In order to use HTSGET_RESOLVERS, the entire resolver config array must be set. The nested array of resolvers structure can be set using name key and value pairs, for example:

shell export HTSGET_RESOLVERS="[{ regex=regex, substitution_string=substitution_string, storage={ bucket=bucket }, allow_guard={ allow_reference_names=[chr1], allow_fields=[QNAME], allow_tags=[RG], allow_formats=[BAM], allow_classes=[body], allow_interval_start=100, allow_interval_end=1000 } }]"

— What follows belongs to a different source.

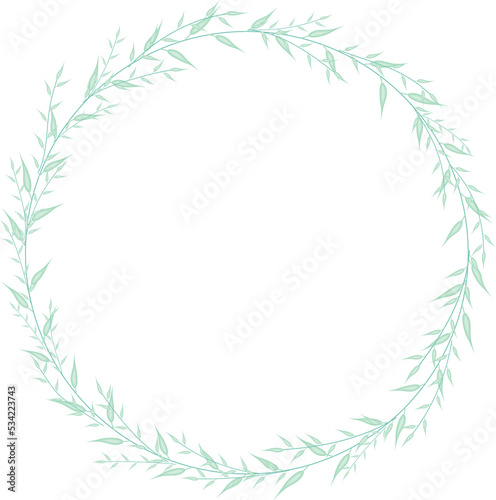 Green Leaf Wreath for Decoration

Similar to the data_server option, the data server can be disabled by setting the equivalent environment variable:

shell export HTSGET_DATA_SERVER_ENABLED=false

RUST_LOG

The Tracing crate is used extensively by htsget-rs is for logging functionality. The RUST_LOG variable is read to configure the level that trace logs are emitted.

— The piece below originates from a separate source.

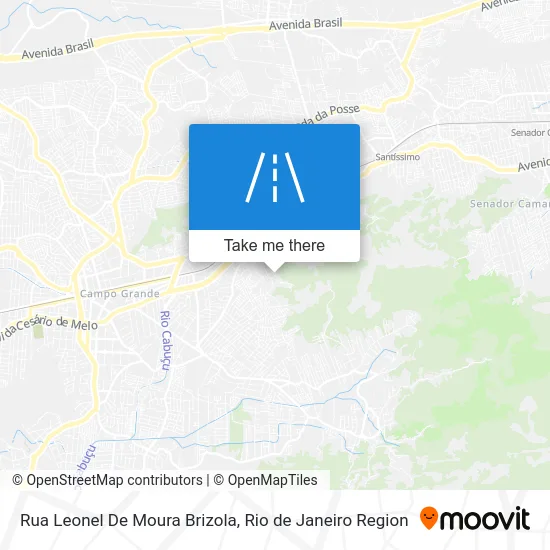 Rua Leonel De Moura Brizola map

For example, the following indicates trace level for all htsget crates, and info level for all other crates:

sh export RUST_LOG='info,htsget_lambda=trace,htsget_lambda=trace,htsget_config=trace,htsget_http=trace,htsget_search=trace,htsget_test=trace'

See here for more information on setting this variable.

AWS config

Config for AWS is read entirely from environment variables. A default configuration is loaded from environment variables using the [aws-config] crate. Check out the AWS documentation for the rust SDK for more information.

As a library

This crate reads config files and environment variables using [figment], and accepts command-line arguments using clap. The main function for this is from_config, which is used to obtain the Config struct. The crate also contains the regex_resolver abstraction, which is used for matching a query ID with regex, and changing it by using a substitution string.

Feature flags

This crate has the following features: * s3-storage: used to enable AwsS3Storage functionality.

License

This project is licensed under the MIT license.